[Records for the task — start]

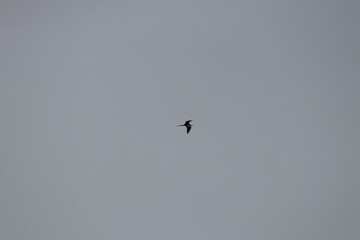 Vogel in der Luft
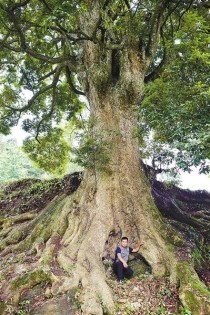 金丝楠木表面如何处理 (金丝楠木表面上的漆是什么？)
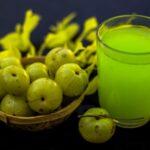Unveiling the Sweet Revolution: Market Trends in the Fruit Concentrate Industry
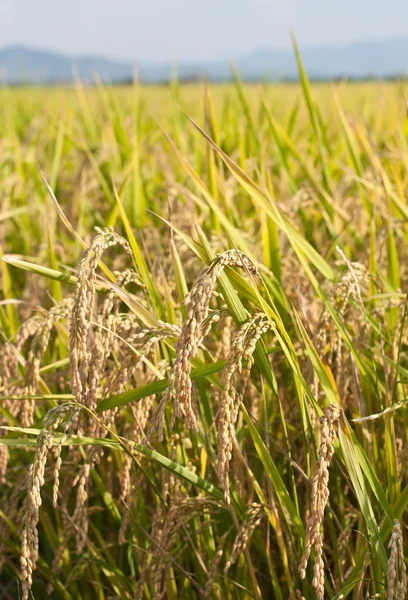 Planta de arroz paddy — Fotografia de Stock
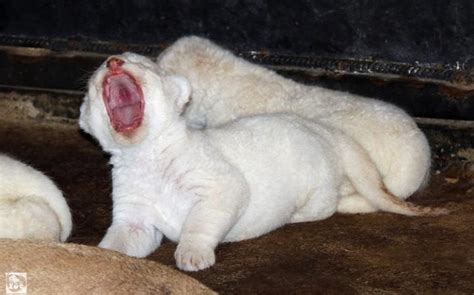 Irans Environment News Rare White Lion Cubs Born At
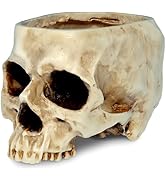 READAEER Skull Planter with Drain Hole, Resin Skull Shaped Flower Pot Candy Bowl, Gothic Decorati...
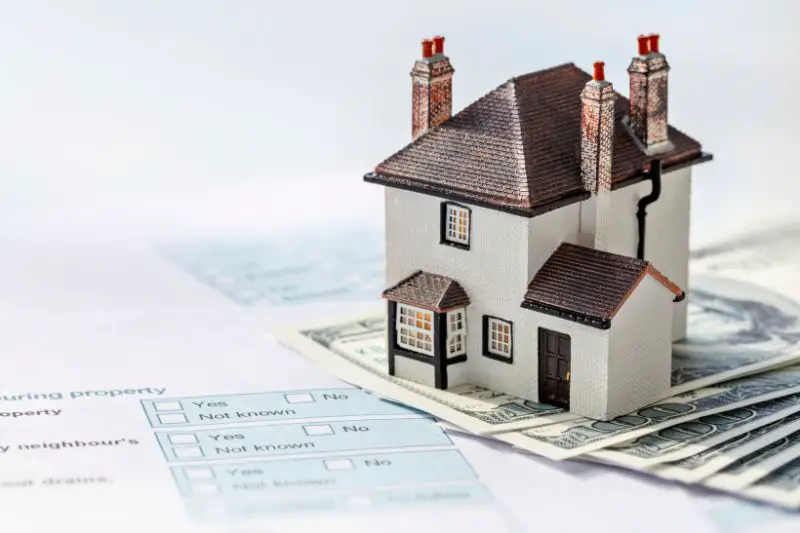 Target Market for Real Estate Investors 4 AMPLIFY XL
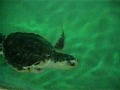 Kemps Ridley Sea Turtle Bites Target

[Records for the task — finish]

**Exercise**.
The result should be an exact copy of every entry above, with no pictures included.

**Output for this task**.
 Vogel in der Luft
 金丝楠木表面如何处理 (金丝楠木表面上的漆是什么？)
Unveiling the Sweet Revolution: Market Trends in the Fruit Concentrate Industry
 Planta de arroz paddy — Fotografia de Stock
 Irans Environment News Rare White Lion Cubs Born At
 READAEER Skull Planter with Drain Hole, Resin Skull Shaped Flower Pot Candy Bowl, Gothic Decorati...
 Target Market for Real Estate Investors 4 AMPLIFY XL
 Kemps Ridley Sea Turtle Bites Target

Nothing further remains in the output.